Descriptive statistics will be presented, including self-determined ethnicity.

The proportion of patients identified as low risk with a 30-day major adverse cardiac event from presentation will be estimated and a 95% confidence interval for the estimate will be calculated. Sub-group analysis will be performed based on the type of point-of-care troponin assay used. Sensitivity, specificity and positive and negative predictive values presented with 95% confidence intervals will be derived for the rate of major adverse cardiac events in the low-risk arm of the pathway.

From the proportion of patients reclassified as having AMI by the accelerated chest pain pathway using a lower cut-off, patients discharged within 6 h from a rural hospital and the proportion of patients with low and intermediate risk safely managed in a rural hospital will be estimated and presented with a 95% confidence interval. Sensitivity, specificity and positive and negative predictive values presented with 95% confidence intervals will be derived for the pathway’s ability to detect a major adverse cardiac event in not-low risk populations.
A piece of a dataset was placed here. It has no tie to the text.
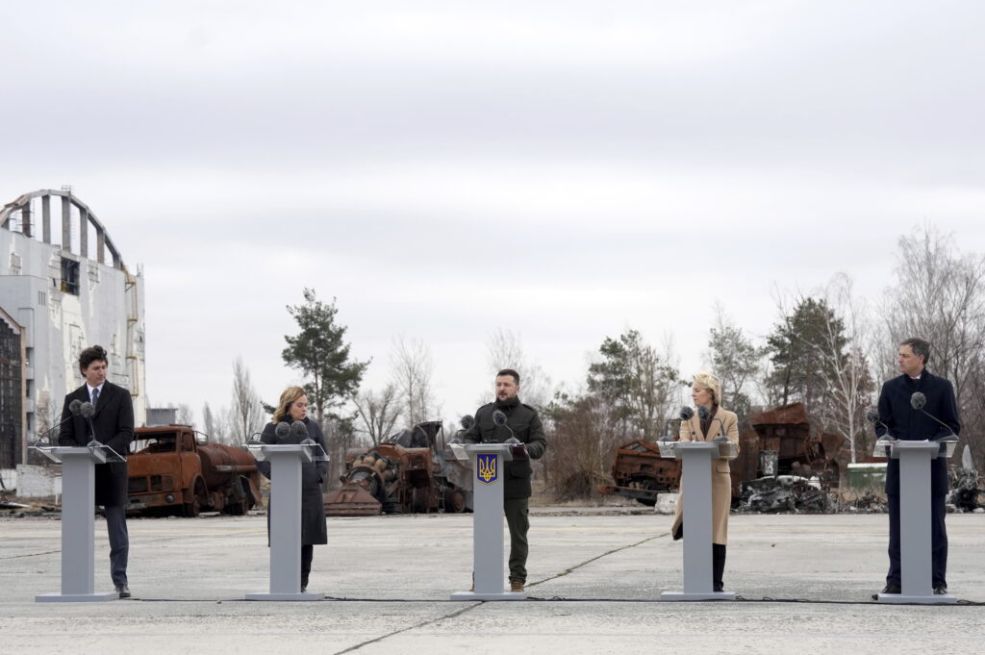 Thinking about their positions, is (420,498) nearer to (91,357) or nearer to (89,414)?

The Health and Disability Ethics Committee approved the protocol as an Audit and Audit-related activity (16/CEN/107/AM03). Consultation was undertaken with the Ngāi Tahu Research Consultation Committee.
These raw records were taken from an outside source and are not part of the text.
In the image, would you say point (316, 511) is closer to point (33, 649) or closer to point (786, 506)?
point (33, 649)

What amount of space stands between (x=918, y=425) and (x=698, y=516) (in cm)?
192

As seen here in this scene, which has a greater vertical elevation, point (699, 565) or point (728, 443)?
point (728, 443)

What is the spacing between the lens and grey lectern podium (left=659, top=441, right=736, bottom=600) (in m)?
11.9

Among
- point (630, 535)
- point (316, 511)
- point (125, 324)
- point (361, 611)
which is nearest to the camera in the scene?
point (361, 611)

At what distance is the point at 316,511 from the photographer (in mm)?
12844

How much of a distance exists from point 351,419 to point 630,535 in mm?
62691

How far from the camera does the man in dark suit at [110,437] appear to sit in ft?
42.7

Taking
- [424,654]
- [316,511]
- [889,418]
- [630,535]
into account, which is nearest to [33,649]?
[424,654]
Study findings will be disseminated widely among key stakeholders, including the New Zealand Cardiac Network, New Zealand Heart Foundation, MOH and DHBs. Results will be shared with relevant professional agencies, including the Royal New Zealand College of General Practitioners, Division of Rural Hospital Medicine New Zealand and the Australasian College of Emergency Medicine. Findings will also be communicated directly to participating rural hospitals and general practices. Results will be submitted for publication in relevant peer-reviewed journals and presented at New Zealand and international conferences.
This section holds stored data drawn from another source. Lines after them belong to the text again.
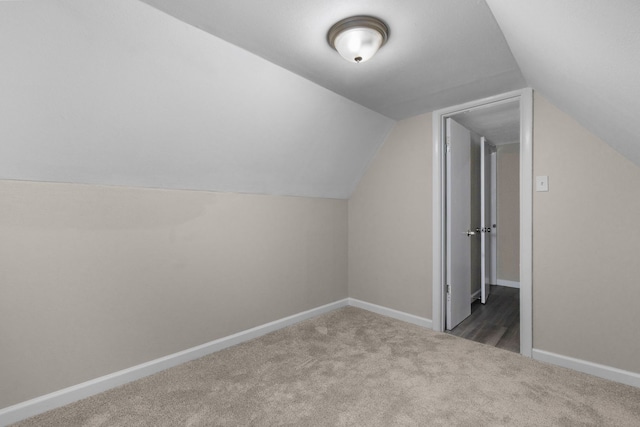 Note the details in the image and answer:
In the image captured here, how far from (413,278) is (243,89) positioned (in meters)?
2.30

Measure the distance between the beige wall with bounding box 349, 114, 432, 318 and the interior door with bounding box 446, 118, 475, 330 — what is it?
19cm

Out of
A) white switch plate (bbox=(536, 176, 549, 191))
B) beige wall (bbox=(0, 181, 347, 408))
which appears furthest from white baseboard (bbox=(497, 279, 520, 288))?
beige wall (bbox=(0, 181, 347, 408))

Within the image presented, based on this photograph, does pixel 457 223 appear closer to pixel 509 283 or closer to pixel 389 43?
pixel 389 43

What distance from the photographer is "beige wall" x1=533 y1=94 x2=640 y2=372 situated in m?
1.94

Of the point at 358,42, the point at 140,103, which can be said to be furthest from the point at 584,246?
the point at 140,103

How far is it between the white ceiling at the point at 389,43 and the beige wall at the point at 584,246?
2.02ft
Dr Joanna Young is supported by a New Zealand Heart Foundation Research Fellowship. Associate Professor John Pickering has undertaken statistical consultancy for Abbott Diagnostics and his group has undertaken independent analysis of assay performance using kits supplied free-of-charge by Abbott Point of Care. Dr Martin Than has received funding for clinical trials and education and payment for speaking from Abbott and Alere. He has also received funding for clinical trials and education from Beckman Coulter and funding for clinical trials and payment for speaking from Roche.

This study is supported by a grant awarded by the Heart Foundation of New Zealand (1770). Further study funding was provided by an investigator grant from Abbott Point-of-Care. The funding bodies have had no role in the design of the study.